PROBLEM DESCRIPTION:
Filter this data down to the lines that hold "Pháp", and copy them.

[Short text fragments from websites]
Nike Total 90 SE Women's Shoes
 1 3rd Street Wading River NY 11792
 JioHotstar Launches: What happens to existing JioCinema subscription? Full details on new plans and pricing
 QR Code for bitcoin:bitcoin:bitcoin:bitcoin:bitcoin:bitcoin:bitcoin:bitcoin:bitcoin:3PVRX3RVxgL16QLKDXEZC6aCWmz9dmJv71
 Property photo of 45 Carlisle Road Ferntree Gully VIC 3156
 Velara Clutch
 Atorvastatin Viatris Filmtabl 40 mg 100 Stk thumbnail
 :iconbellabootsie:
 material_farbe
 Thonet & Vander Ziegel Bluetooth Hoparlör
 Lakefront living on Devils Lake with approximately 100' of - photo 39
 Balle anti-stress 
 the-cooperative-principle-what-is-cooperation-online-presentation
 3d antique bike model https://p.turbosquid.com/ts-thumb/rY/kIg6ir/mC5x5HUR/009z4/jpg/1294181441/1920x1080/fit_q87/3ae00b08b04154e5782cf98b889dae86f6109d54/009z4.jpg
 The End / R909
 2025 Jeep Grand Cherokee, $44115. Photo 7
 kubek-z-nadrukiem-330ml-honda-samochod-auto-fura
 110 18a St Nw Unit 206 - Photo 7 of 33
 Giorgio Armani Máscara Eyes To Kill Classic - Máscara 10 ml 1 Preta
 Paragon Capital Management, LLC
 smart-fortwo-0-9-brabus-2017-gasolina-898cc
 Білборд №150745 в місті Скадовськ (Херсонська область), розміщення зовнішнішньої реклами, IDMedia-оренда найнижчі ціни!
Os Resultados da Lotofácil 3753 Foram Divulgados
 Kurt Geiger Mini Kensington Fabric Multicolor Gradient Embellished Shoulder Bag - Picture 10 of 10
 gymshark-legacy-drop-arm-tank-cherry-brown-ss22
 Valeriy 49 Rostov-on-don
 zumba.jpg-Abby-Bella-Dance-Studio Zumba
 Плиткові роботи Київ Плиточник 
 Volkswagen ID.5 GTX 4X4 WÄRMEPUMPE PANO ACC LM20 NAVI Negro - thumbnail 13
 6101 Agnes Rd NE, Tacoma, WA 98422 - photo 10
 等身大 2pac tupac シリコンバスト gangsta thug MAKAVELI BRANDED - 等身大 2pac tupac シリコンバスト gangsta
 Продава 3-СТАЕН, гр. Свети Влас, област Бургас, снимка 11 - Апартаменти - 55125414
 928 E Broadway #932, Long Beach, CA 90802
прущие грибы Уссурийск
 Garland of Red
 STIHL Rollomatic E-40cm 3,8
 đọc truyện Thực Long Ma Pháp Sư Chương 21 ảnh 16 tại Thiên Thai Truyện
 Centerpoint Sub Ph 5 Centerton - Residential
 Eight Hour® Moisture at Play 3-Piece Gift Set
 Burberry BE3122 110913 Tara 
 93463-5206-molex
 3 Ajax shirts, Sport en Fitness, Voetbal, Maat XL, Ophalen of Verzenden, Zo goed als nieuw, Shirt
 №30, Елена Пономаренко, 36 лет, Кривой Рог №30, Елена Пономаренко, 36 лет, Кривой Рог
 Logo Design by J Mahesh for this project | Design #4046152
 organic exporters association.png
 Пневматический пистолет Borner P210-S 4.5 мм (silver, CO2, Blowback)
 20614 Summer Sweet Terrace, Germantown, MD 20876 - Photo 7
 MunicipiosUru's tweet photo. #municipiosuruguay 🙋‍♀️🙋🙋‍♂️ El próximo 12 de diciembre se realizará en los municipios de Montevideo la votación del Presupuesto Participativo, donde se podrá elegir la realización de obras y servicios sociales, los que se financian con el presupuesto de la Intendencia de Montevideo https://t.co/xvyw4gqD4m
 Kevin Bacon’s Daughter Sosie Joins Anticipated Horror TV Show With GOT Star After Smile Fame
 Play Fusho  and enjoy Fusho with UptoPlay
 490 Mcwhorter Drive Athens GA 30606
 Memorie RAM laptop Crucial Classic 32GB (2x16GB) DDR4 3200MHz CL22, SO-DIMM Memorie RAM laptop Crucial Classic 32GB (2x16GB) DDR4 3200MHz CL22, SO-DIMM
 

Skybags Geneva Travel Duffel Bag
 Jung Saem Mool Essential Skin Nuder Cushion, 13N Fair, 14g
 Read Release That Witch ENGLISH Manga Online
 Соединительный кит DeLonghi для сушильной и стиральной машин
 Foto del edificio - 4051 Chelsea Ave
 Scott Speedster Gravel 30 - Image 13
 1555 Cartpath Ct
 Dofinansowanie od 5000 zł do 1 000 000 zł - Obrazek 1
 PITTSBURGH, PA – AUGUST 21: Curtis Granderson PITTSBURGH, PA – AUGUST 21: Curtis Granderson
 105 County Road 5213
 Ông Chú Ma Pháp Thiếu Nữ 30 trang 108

ANSWER FOR THE TASK:
 đọc truyện Thực Long Ma Pháp Sư Chương 21 ảnh 16 tại Thiên Thai Truyện
 Ông Chú Ma Pháp Thiếu Nữ 30 trang 108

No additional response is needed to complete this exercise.